干渉はできず、だけども鮮明に、今起きていることのようにリアルな映像が流れます。
これは過去の記憶なのだと、確信に近い気持ちでそれを見ていました。
今見えているのは、カヌ・エ様の記憶なのでしょう。
場面は何か戦いの最中であり、他の国の指導者らしき人達と指揮を執っているようです。
三国で手を組んで戦ったという、五年前のカルテノーの戦いでしょうか?
戦っている相手は見えませんが、カルテノーならガレマール軍・・・。
しかし、もっと大きなものと戦っているように見えます。
上空から降り注ぐ攻撃の中、カヌ・エ様は『ダラガブからいでし黒き蛮神による虐殺』と言っていました。

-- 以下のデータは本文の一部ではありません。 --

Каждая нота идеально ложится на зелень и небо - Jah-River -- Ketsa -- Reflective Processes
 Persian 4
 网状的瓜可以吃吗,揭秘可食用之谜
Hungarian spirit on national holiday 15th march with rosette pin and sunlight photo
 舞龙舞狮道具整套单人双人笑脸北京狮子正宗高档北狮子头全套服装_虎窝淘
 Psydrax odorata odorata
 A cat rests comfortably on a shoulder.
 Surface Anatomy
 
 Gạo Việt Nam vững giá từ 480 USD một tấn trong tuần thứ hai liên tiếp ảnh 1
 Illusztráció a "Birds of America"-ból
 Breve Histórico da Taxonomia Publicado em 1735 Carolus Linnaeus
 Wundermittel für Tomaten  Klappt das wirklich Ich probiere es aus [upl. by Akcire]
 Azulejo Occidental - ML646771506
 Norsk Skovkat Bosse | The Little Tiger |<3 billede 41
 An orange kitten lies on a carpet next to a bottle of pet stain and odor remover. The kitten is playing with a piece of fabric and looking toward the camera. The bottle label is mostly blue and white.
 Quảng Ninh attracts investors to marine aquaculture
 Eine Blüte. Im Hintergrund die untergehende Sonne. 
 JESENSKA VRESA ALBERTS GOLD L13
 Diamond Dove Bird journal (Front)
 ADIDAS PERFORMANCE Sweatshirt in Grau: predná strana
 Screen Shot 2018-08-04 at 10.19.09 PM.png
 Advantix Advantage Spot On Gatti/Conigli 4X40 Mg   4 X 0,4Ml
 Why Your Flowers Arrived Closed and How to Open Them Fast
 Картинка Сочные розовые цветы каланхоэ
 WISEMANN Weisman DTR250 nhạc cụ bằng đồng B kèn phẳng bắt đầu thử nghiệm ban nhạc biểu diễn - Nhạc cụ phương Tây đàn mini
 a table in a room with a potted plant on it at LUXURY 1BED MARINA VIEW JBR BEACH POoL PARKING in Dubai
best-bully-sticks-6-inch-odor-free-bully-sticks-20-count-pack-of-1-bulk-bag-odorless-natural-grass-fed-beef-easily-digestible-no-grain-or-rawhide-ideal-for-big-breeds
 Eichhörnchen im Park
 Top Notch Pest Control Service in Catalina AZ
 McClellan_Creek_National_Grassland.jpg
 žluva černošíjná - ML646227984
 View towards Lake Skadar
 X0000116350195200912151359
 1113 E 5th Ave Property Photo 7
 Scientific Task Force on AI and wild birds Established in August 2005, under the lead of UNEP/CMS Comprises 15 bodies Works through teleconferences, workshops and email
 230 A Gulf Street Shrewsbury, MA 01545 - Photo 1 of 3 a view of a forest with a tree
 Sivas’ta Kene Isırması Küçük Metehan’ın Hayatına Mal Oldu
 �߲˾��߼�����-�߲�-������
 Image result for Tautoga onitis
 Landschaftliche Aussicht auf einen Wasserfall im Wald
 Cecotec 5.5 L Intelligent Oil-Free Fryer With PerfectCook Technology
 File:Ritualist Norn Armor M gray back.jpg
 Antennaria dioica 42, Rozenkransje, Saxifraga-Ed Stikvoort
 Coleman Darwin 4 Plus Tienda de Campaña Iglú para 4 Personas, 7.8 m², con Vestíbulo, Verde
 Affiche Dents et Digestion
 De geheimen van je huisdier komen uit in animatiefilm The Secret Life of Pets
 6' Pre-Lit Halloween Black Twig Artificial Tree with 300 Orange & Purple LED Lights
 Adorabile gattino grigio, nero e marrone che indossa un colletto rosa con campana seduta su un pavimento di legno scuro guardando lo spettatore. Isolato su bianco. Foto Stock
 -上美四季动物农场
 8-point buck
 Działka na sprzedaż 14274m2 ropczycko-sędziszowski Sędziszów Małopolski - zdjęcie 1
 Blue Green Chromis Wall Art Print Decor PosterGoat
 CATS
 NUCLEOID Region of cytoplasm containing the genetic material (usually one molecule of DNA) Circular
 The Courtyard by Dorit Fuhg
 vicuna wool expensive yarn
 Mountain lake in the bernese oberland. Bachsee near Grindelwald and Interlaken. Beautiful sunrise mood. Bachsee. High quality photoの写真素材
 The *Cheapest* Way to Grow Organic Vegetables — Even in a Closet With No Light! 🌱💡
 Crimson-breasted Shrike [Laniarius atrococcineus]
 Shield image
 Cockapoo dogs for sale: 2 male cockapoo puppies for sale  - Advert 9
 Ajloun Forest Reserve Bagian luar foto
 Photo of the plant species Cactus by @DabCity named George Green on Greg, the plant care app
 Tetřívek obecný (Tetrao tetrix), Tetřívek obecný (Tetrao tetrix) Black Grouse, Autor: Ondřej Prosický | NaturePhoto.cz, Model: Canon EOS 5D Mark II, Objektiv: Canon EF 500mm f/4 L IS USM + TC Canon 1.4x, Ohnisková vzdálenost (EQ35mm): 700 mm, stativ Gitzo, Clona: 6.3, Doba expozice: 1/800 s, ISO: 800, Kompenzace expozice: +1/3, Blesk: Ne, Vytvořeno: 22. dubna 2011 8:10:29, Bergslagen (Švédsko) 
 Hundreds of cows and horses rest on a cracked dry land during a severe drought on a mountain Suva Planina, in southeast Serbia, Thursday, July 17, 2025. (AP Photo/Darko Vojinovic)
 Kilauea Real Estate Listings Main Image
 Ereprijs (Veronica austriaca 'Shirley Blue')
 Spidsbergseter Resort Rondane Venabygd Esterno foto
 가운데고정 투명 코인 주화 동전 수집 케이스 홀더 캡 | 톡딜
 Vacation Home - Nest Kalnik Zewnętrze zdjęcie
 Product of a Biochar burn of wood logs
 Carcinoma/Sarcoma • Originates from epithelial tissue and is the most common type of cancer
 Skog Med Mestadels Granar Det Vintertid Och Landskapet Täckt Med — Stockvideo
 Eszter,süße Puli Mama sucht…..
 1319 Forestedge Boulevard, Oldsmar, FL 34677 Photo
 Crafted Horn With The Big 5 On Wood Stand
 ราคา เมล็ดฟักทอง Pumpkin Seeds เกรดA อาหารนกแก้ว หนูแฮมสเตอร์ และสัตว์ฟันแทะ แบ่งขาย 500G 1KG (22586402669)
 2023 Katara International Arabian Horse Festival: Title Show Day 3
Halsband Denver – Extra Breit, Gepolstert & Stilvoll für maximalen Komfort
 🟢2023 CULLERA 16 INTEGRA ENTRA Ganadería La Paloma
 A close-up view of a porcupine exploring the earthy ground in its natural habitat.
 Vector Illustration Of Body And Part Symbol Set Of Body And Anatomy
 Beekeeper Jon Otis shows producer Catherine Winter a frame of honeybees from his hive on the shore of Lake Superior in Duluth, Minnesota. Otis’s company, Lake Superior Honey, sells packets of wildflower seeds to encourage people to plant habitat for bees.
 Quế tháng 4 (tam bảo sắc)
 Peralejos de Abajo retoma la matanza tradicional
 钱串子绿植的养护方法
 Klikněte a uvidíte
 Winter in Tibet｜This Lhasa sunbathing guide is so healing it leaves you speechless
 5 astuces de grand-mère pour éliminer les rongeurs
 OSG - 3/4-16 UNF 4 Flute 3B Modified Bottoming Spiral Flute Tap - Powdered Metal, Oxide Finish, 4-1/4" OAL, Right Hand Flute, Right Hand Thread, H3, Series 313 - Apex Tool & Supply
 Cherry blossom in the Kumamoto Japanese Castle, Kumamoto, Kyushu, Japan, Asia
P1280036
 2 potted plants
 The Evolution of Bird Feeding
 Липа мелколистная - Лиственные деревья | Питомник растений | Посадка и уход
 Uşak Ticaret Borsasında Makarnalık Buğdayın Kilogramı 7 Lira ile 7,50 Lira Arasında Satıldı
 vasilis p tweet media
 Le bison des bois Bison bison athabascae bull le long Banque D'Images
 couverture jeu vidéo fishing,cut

戦況は逼迫していて、とにかく冒険者たちを優先的に逃がすようにと指示を出す各国の指導者たち。
そんな中、カヌ・エ様は遠くの高台に、不穏な気配を感じ取っていたのです。
高台を気にするカヌ・エ様の意識に押し出されるように、私の意識はその気配へと飛び、その姿がはっきりと見えました。
その者たちのいでたちは、長老の木に現れた魔術士と同じでした。
魔術士を倒したとき、「”我ら”天使いの秘術が打ち破られるとは・・・」と言っていました。
パパリモによれば、伝承では『アシエン』と呼ばれる存在だそう。
5年前の第七霊災の折に、その場所に居たのです。
彼らの目的は一体・・・。
考えを巡らせながら、私の意識は遠のいていくのでした。